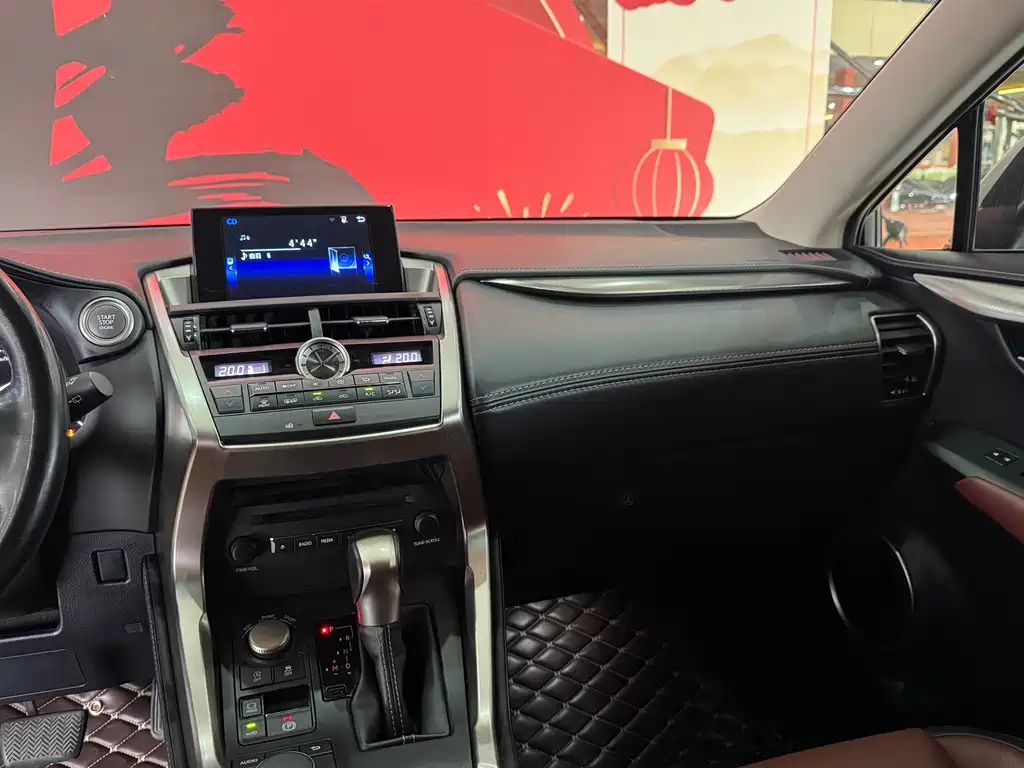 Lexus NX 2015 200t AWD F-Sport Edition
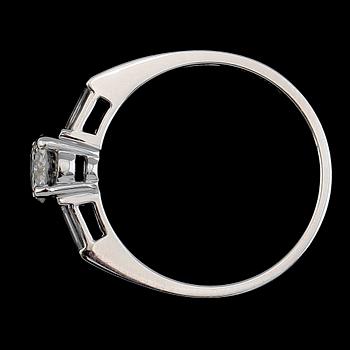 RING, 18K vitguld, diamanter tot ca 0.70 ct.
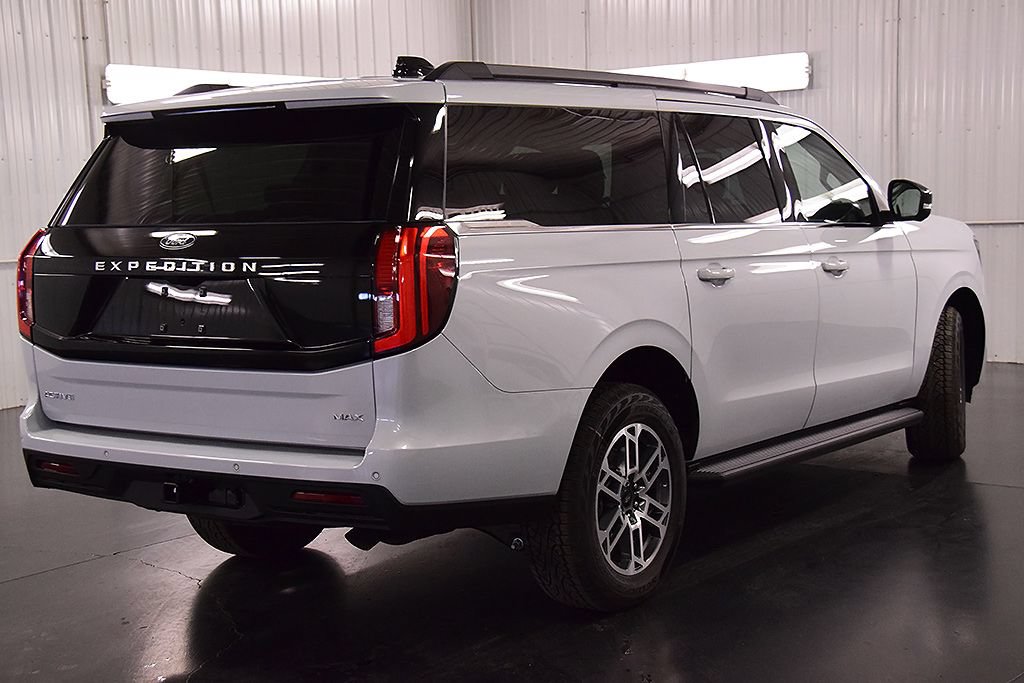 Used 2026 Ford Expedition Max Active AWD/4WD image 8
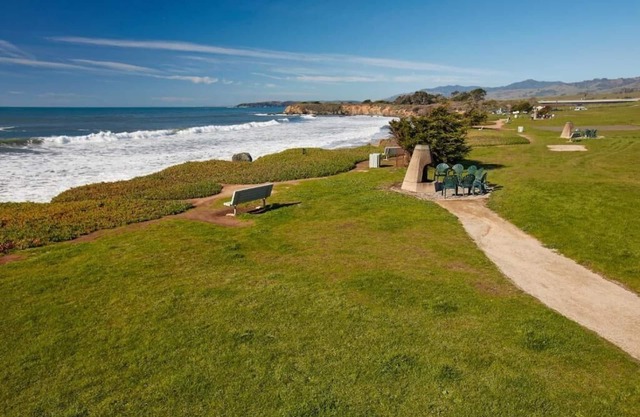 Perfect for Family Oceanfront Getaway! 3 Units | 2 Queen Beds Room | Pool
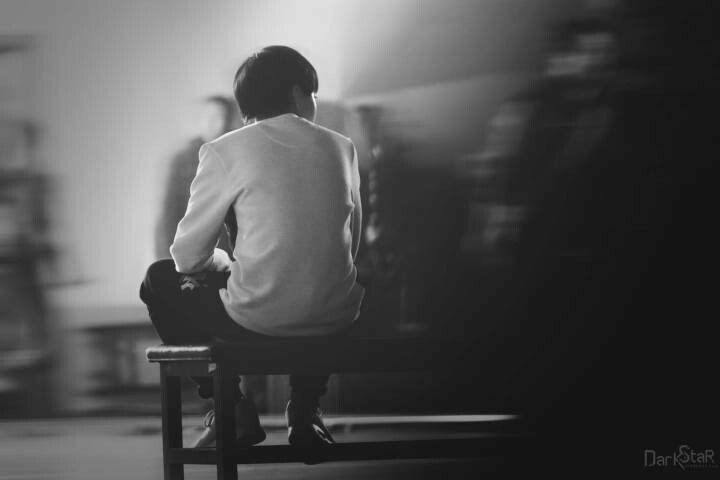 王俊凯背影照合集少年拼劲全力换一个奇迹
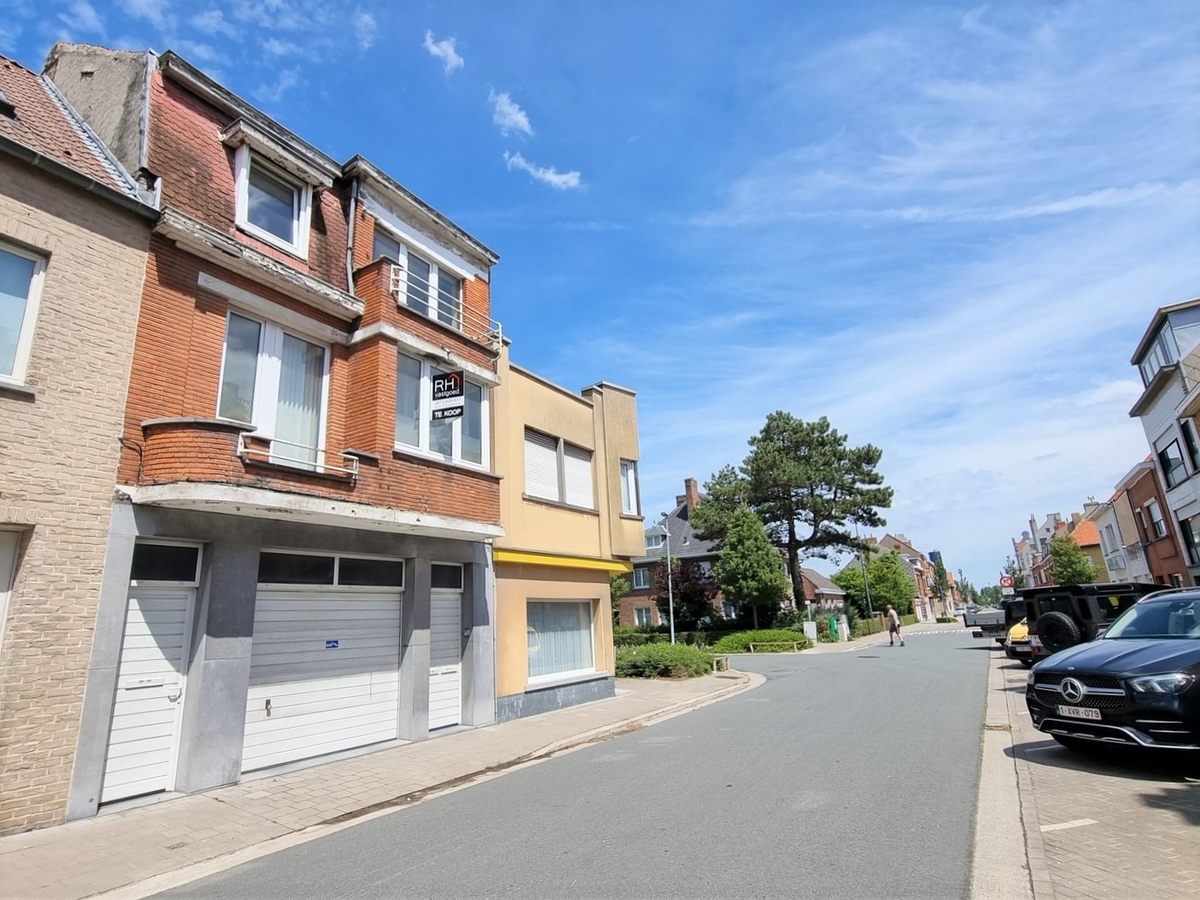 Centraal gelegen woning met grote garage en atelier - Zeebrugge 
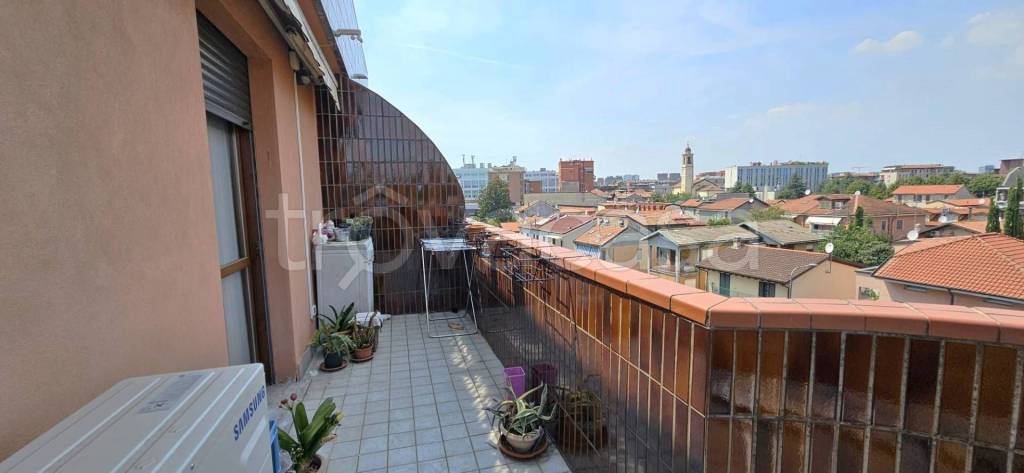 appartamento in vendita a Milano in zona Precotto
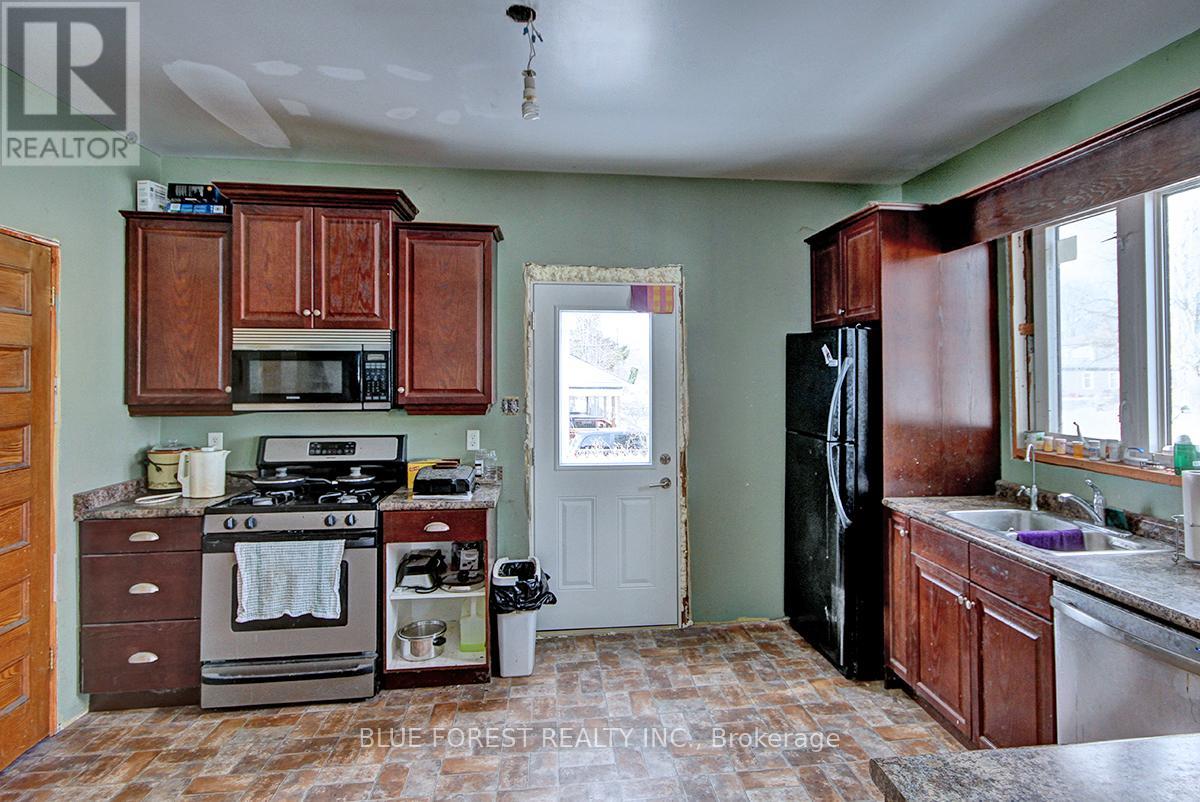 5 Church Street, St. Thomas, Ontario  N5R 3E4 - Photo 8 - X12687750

========

TASK TO CARRY OUT:
Once the line holding "王俊凯背影照合集少年拼劲全力换一个奇迹" is found, copy it and each later line exactly through the end of the data, leaving out the pictures.

RESPONSE:
 王俊凯背影照合集少年拼劲全力换一个奇迹
 Centraal gelegen woning met grote garage en atelier - Zeebrugge 
 appartamento in vendita a Milano in zona Precotto
 5 Church Street, St. Thomas, Ontario  N5R 3E4 - Photo 8 - X12687750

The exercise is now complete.